The Golden State Warriors, far superior to the Mavs, are heading to their sixth Final in eight seasons

DALLAS - The Golden State Warriors beat the Dallas Mavericks 109-100 and seem closer than ever to returning to the Finals, where they were five years in a row before the pandemic hit.


The Warriors seem to play loose and without pressure at home or as visitors; in this case in a packed arena of the American Airlines Center in Dallas, which received 20,813 fans, who mostly in the end seemed already resigned to waking up from the dream of NBA Finals, with only the goal of avoiding the sweep on Tuesday.


No team in the history of the NBA postseason has risen to win a series in which they were down 3-0.


"One game at a time," Dallas guard Jalen Brunson said. "Flat and simple, one game at a time, is all we have.
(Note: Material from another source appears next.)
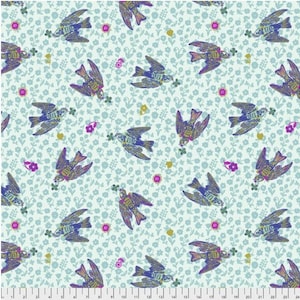 Bird fabric by half yard, swallow cotton, bird quilting cotton, bird sewing fabric, nature fabric, Free Spirit Swallows fabric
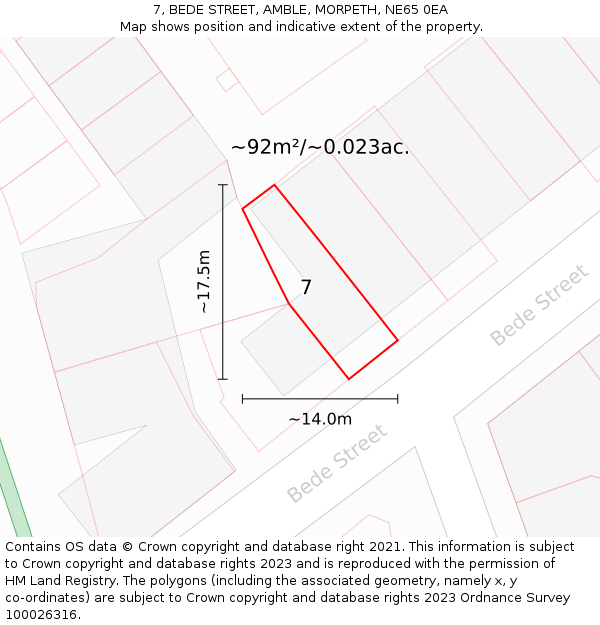 7, BEDE STREET, AMBLE, MORPETH, NE65 0EA: Plot and title map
We have to lift our game in the third period, grab our rebounds and when the going gets tough we have to stick together, like we've done all year."


GOLDEN STATE WARRIORS

1.- There are times when the Warriors seem unstoppable and even when they go through their most complicated moments they have seemed superior to the Mavericks in most of the transcendent aspects of the game; statistical and intangible.


Stephen Curry led the Warriors on Sunday with 31 points and 11 assists. Klay Thompson scored 19 points, but his defense was almost impenetrable along the entire floor.


Golden State again took off in the third period, as it has been the whole series. In Game 3, they won 30-21 that quarter to turn a one-point lead into 10 over Dallas going into the final period.